January 2017 Cheesy Index

it’s time to talk about cheese: The Cheesy Index! These updates are so much fun to make, grabbing all the financials from all asset groups and seeing where we are on the path to FI.

January 2017 Cheesy Index

We ended 2016 with a record high 57.4% on the Cheesy Index. This was primarily due to a good stockmarket and lot’s of income in the last two months of 2016 (had very good savings rates too).

This month we are happy to report another increase! We are up to 58.2%, that’s 0.8% for the month. If we multiply that with 12, we should be able to add 9.6% to the Cheesy Index this year. If that were true, we would easily reach our target of 65% by the end of the year!
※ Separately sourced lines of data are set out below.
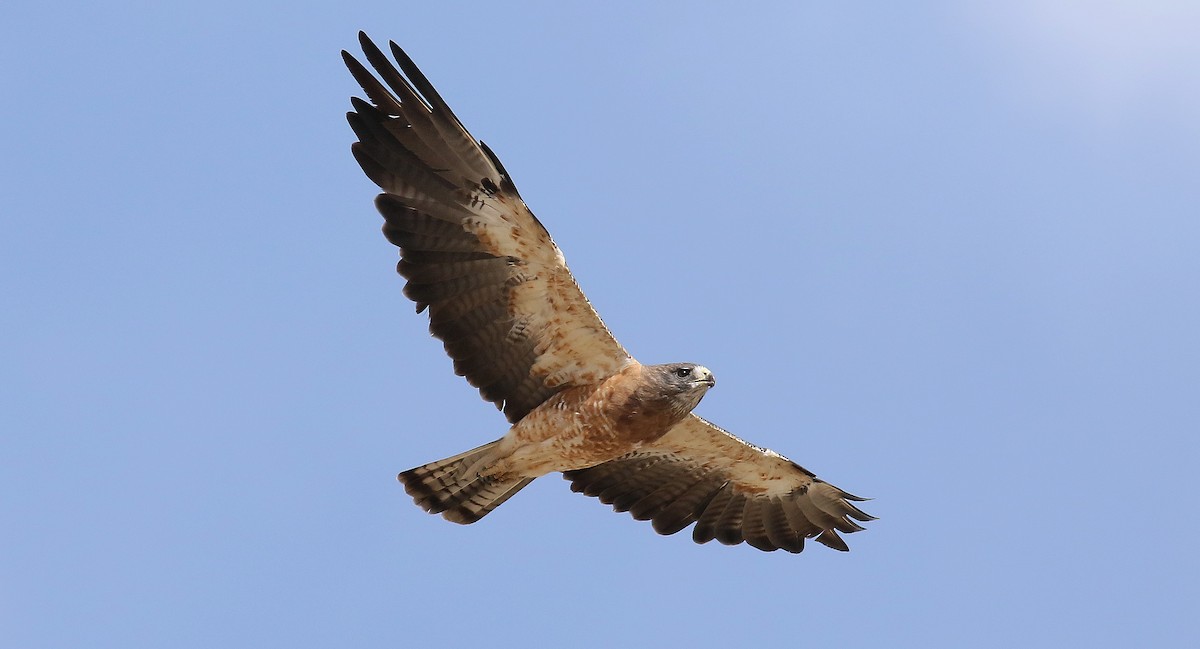 Swainson's Hawk - Steve Bennett
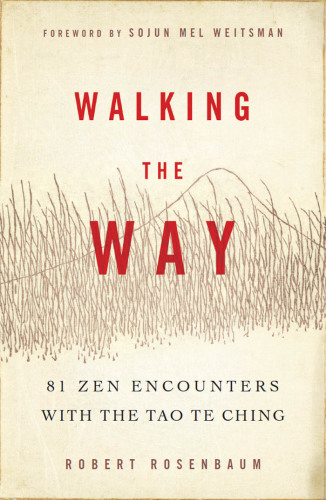 Walking the Way: 81 Zen Encounters with the Tao Te Ching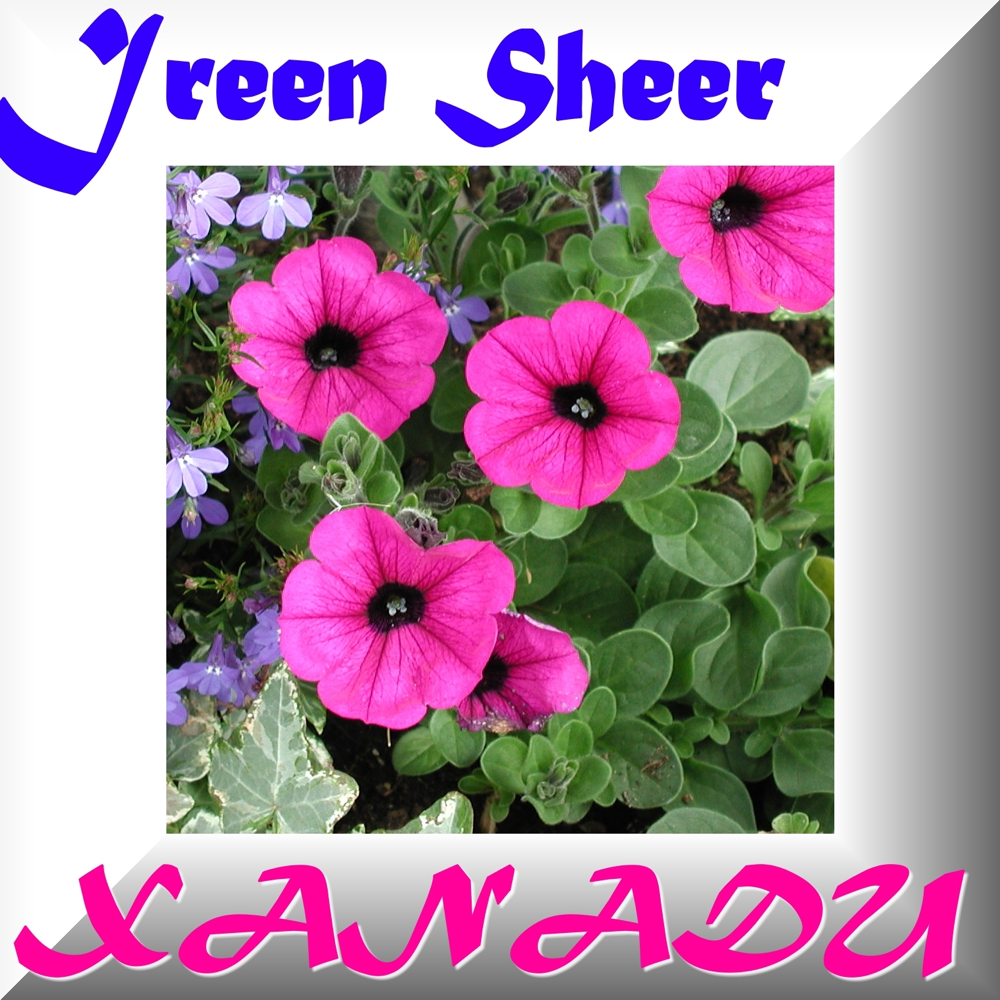 Album cover art for "Xanadu" by Ireen Sheer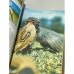 Дополнительное изображение книги «Млекопитающие»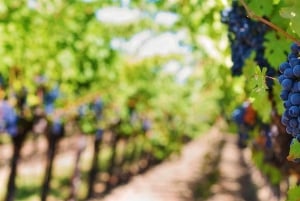 Lizbona: Setúbal, Arrábida i Azeitão - prywatna wycieczka winiarska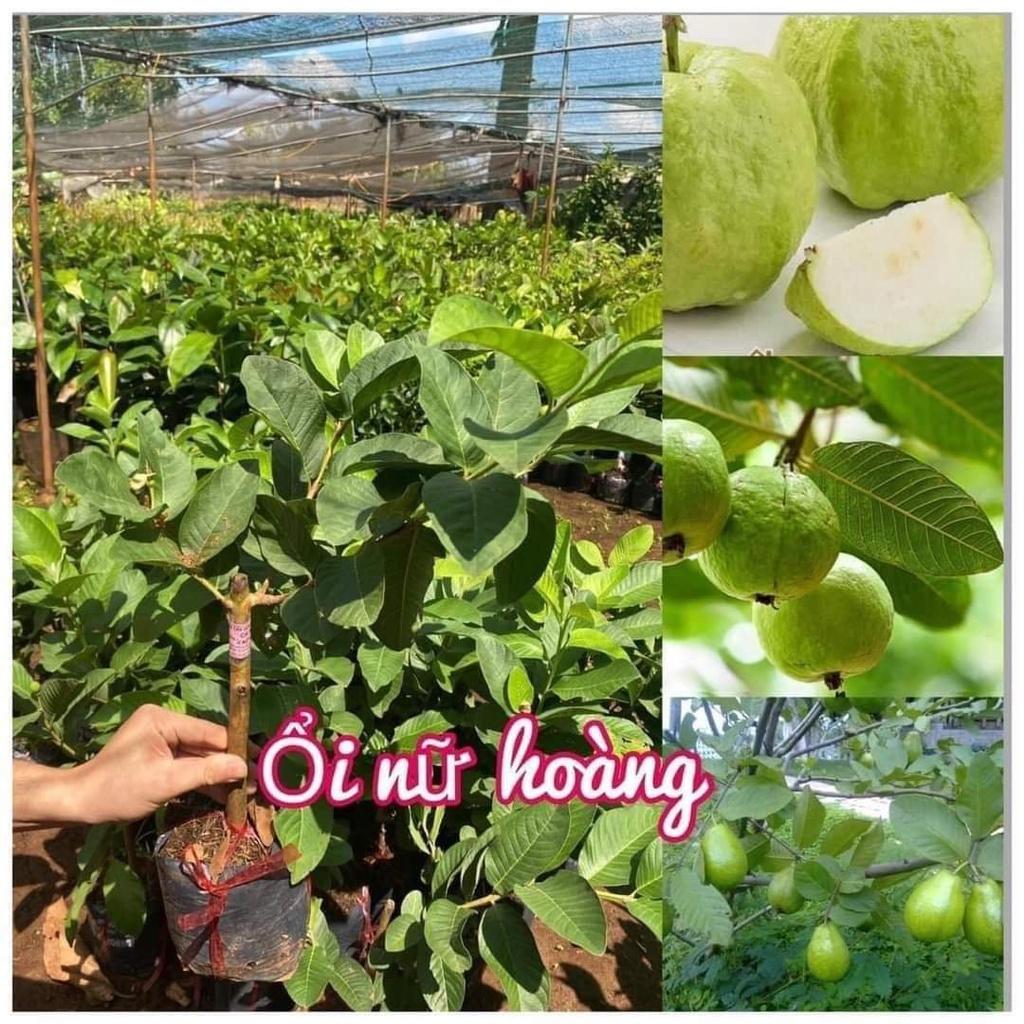 Cây giống ổi nữ hoàng cho trái siêu sớm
But it’s only January and we have not seen a market correction in quite some time. We are therefore very curious to see what will happen when a correction happens. Talking to other (non) bloggers about 2 weeks ago in Antwerp, the feeling appears to be horrible and you cannot really prepare (we have not lived through a correction that hit us financially). That does not boost well…

Exchange Rates

We correct our net worth (and therefore indirectly the Cheesy Index) for currencies. Each month we record the exchange rates at midnight of the last day of the month. These rates are used to calculate everything from wealth to dividends. We have been rather lucky in the last year as exchange rates have favoured our wealth number. But this cannot continue indefinitely. We are therefore anticipating a correction and therefore lower Cheesy Index growth rates this year. We still hope to reach our 2017 target, but we are mindful that the stockmarket and currency market need to be in our favour to make that happen. Our only benefit is our real estate, which does not fluctute as much. Time will tell!

How did you do financially in January? Did you also reach a record high?
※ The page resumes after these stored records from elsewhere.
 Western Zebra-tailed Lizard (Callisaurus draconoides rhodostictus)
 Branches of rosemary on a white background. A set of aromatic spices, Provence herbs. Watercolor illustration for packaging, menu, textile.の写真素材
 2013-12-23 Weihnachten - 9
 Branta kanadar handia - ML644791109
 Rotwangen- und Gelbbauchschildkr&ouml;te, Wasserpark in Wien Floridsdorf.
  1. I love cheese! Especially if it’s linked to money like this 🙂
    Great progress so far. We still haven’t calculated our net worth (long to do list), so can’t tell how ours have been so far.

    Very curious about that correction though… Although we can’t predict anything, it might expose some very sweet buying opportunities for stocks!
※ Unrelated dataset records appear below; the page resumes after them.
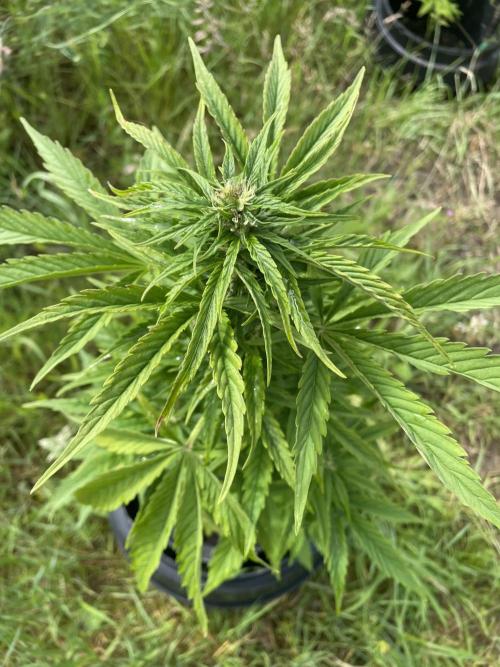 Critical Candy Auto. Week 6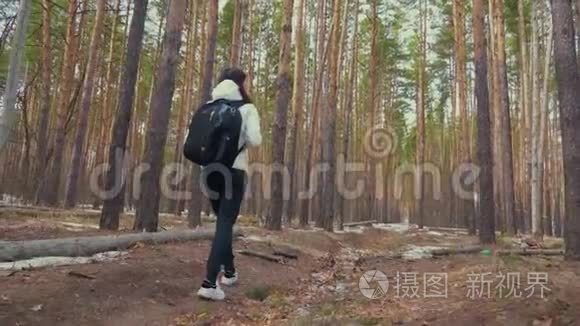 徒步旅行者女孩背着背包走在松林，后景。 在野生动物自然中积极的生活方式和冒险。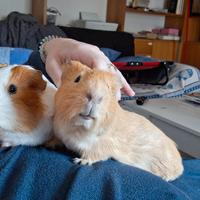 Coppoa Porcellini d'india (o cavie)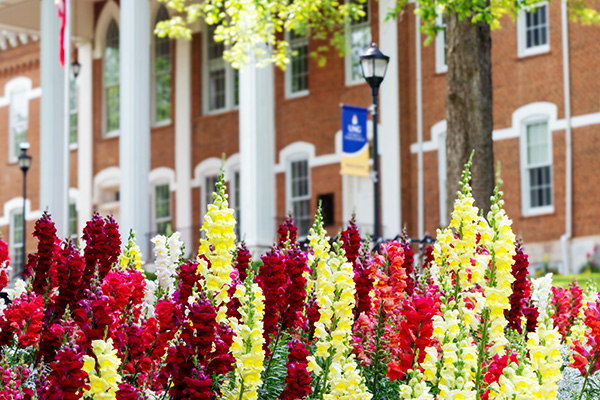 Flowers outside of UNG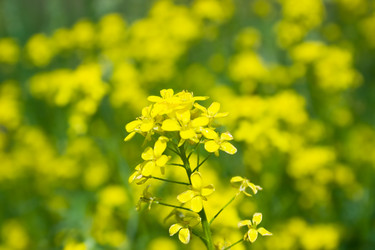 Similar image 217324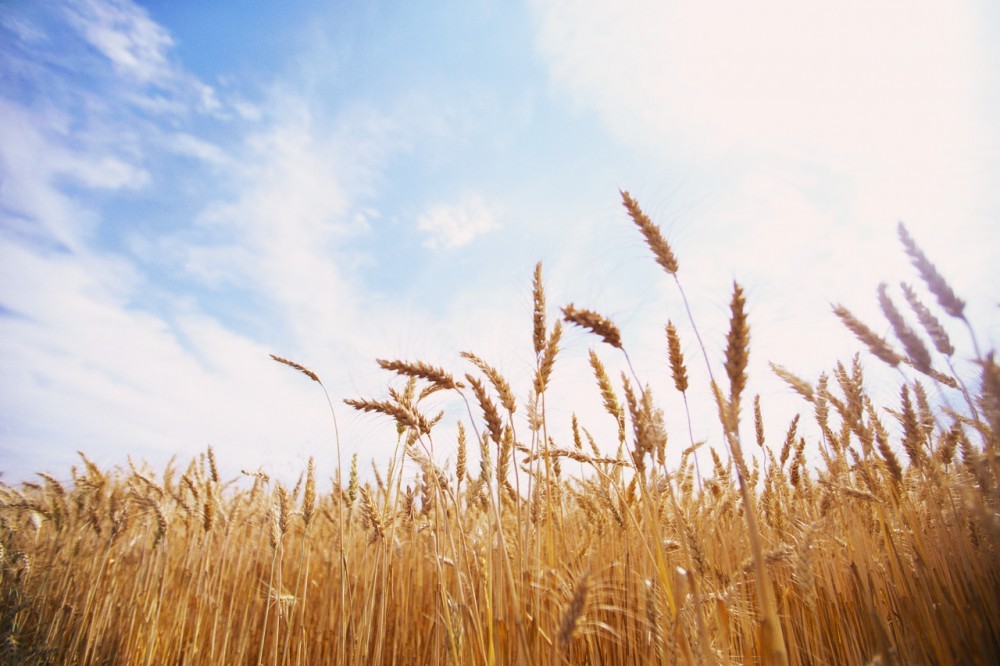 Bulgaria to Export over 2 M Tonnes of Wheat in 2014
    1. A correction is a double edged sword, on one side it is seeing lot’s of money “disappear” but on the other hand, it does provide a nice buying opportunity!
      P.s. Did you pass for you motorcycle theory exam?

    2. As long as you don’t sell, no money will ‘disappear’ 😉 (hopefully, it still stays very risky of course)

      And yes I passed my motorcycle theory exam! On to the next one.

      1. Congrats! On to the next one. Got my motorcycle license in Canada, unfortunately it is not recognized here….used to have a great 1600cc chopper :-).

  2. My hope is a flat stock market for the year so some air can escape from the bubble in an orderly fashion. It’s the popping of the bubble that hurts the most. But I lived through the dot com bust of 2001 and the 2008 meltdown. Not fun, but very interesting times …

    1. So far this month, currency rates appear to helped us to even further all time highs….. so not looking forward to when the turnaround comes. But such is life, cash flow on the other hand is so much more important.